__Your instructions__
Please write out all of the data below exactly, without including the pictures.

__Data segment__
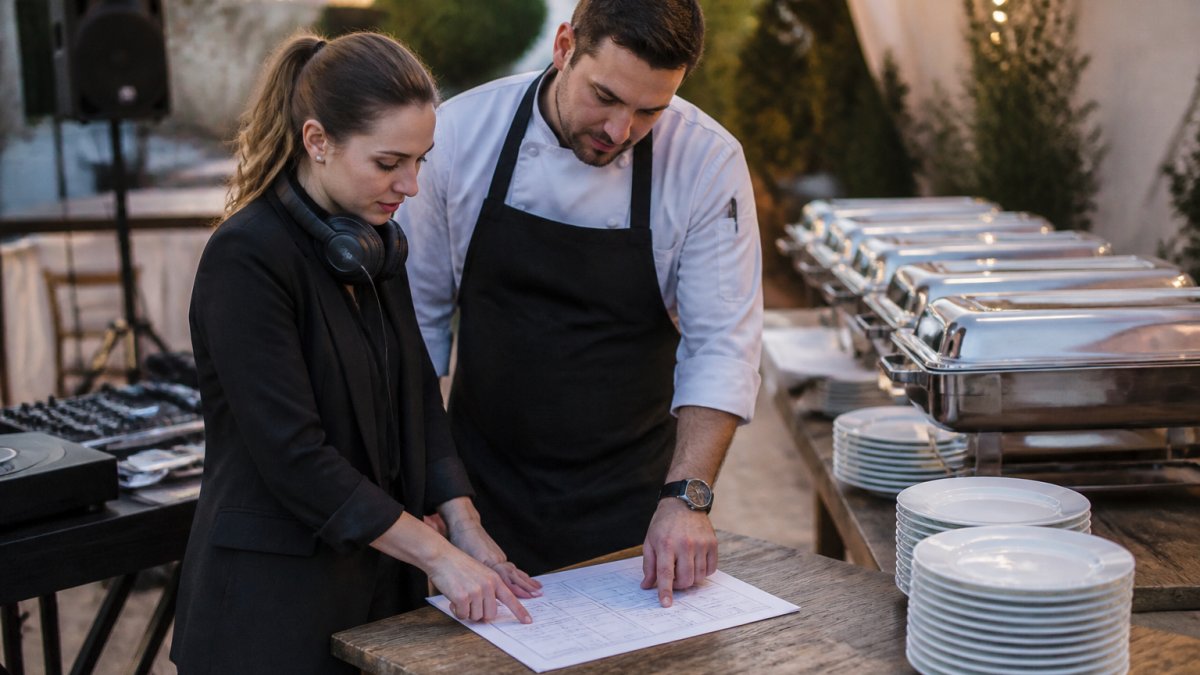 How to Coordinate Wedding Music With Catering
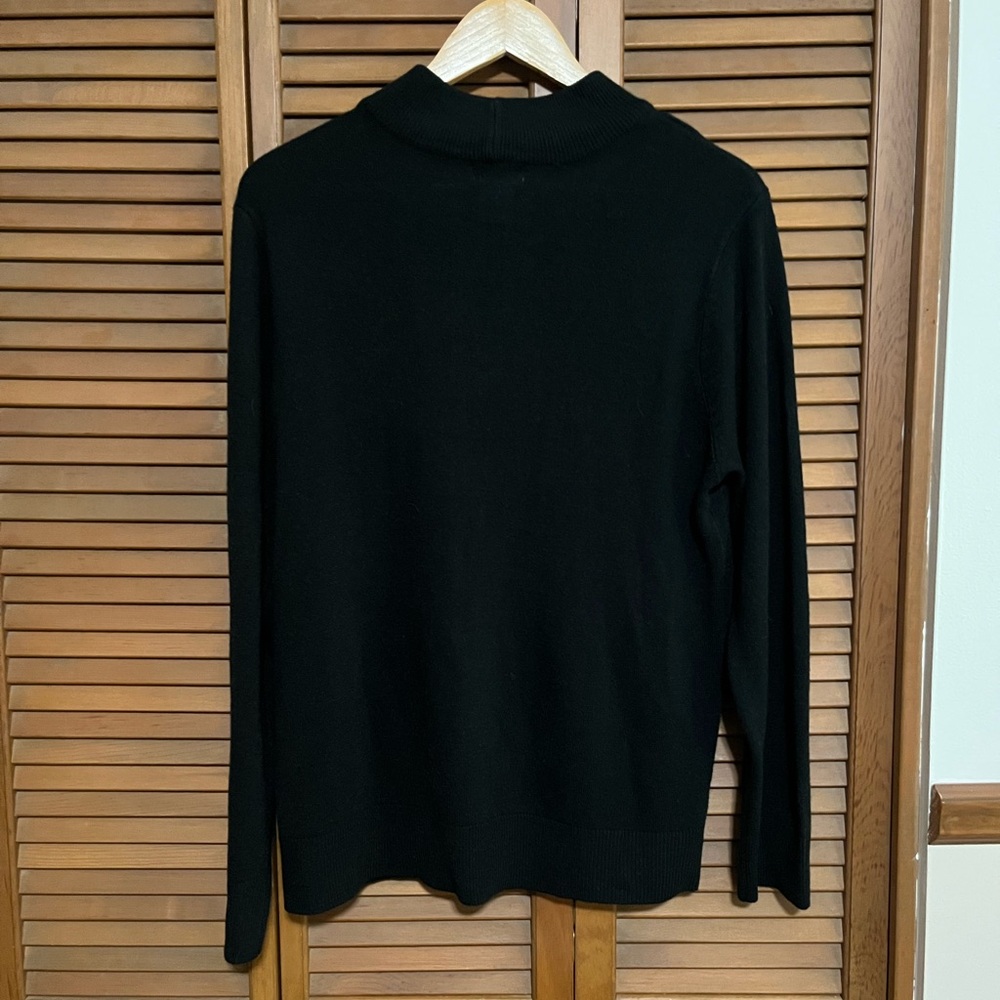 Judy Bond Classy Black Sweater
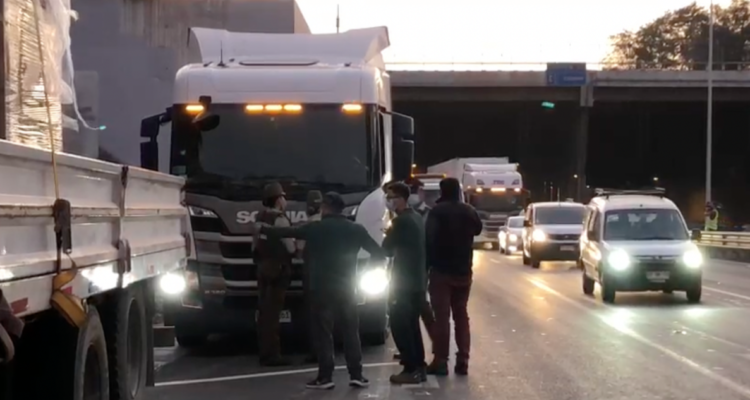 Individuos robaron $300 millones en perfumes durante atraco en la Autopista del Sol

__Finished exercise__
 How to Coordinate Wedding Music With Catering
 Judy Bond Classy Black Sweater
 Individuos robaron $300 millones en perfumes durante atraco en la Autopista del Sol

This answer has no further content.